1. What the graphs of the basic power functions *f(x) = axn *look like for different values of n e.g. n = 2, 3, ..., -1, -2, 1/2, -1/2, etc.

2. What the graphs of the absolute value function f(x) = |x| looks like, and how to graph "piecewise functions."

3. How to recognize functions that are *increasing, decreasing, or constant* on given intervals.

4. How the graph of y=f(x) is affected by adding/ a constant to x, or adding a constant to f(x), e.g. how the graph of y = f(x - 3) + 2 is related to the graph of y = f(x).

5. How the graph of y = f(x) is affected by multiplying f(x) by a constant, e.g. how the graph of y = -3f(x) is related to the graph of y = f(x).

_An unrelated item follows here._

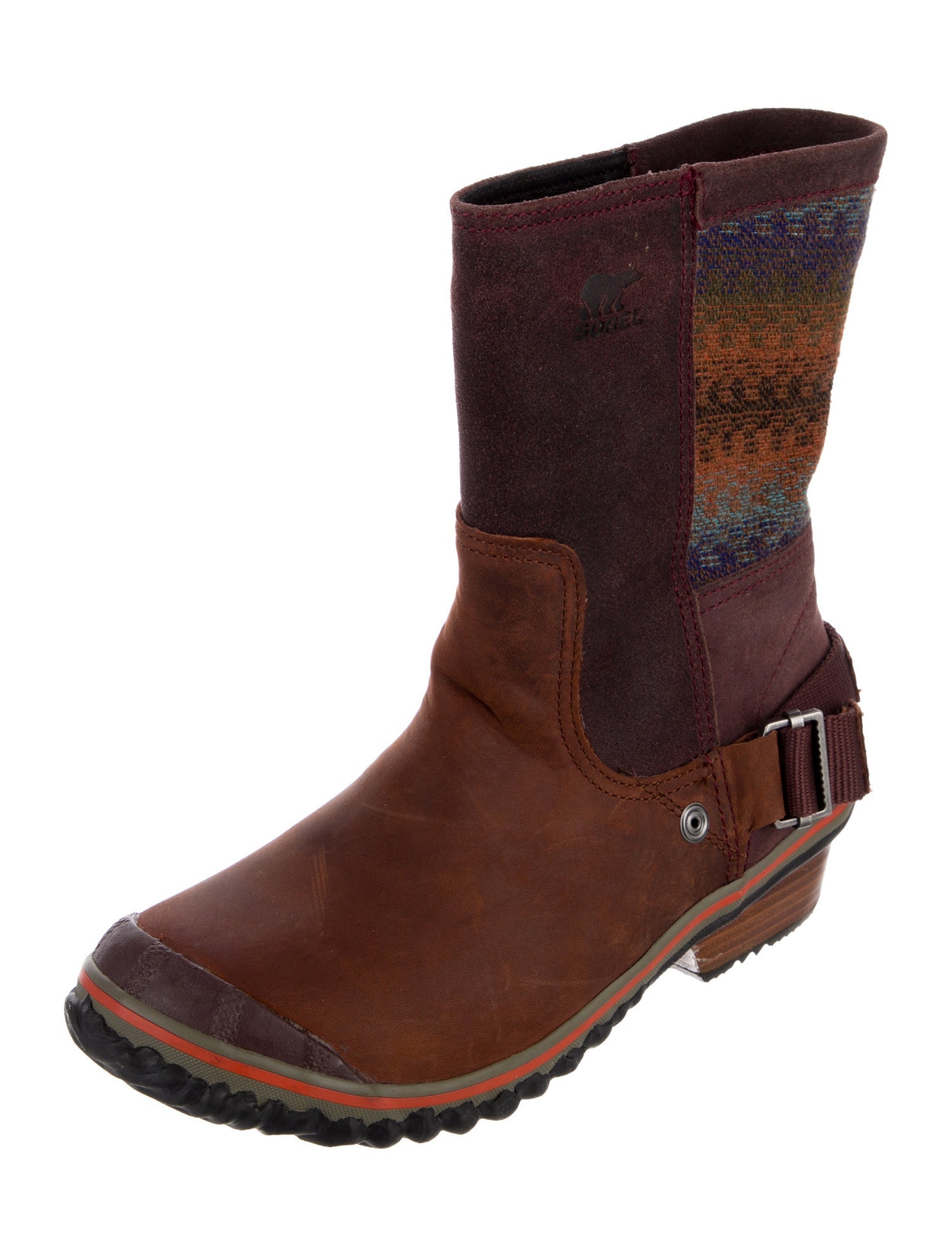 Sorel Suede Printed Moto Boots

6. The meanings of "odd function" and "even functions" and how to apply algebraic tests related to these concepts.

You should be ABLE TO

1. Recognize graphs of power functions, the absolute value function, and piecewise functions, and their various shifts and stretches, and be able to create such graphs yourself, with and __without__ a graphing calculator.

2. Describe the effect of shifts and vertical stretches of graphs on the algebraic expressions for the corresponding functions.

3. Determine symmetries of graphs of functions from their algebraic forms.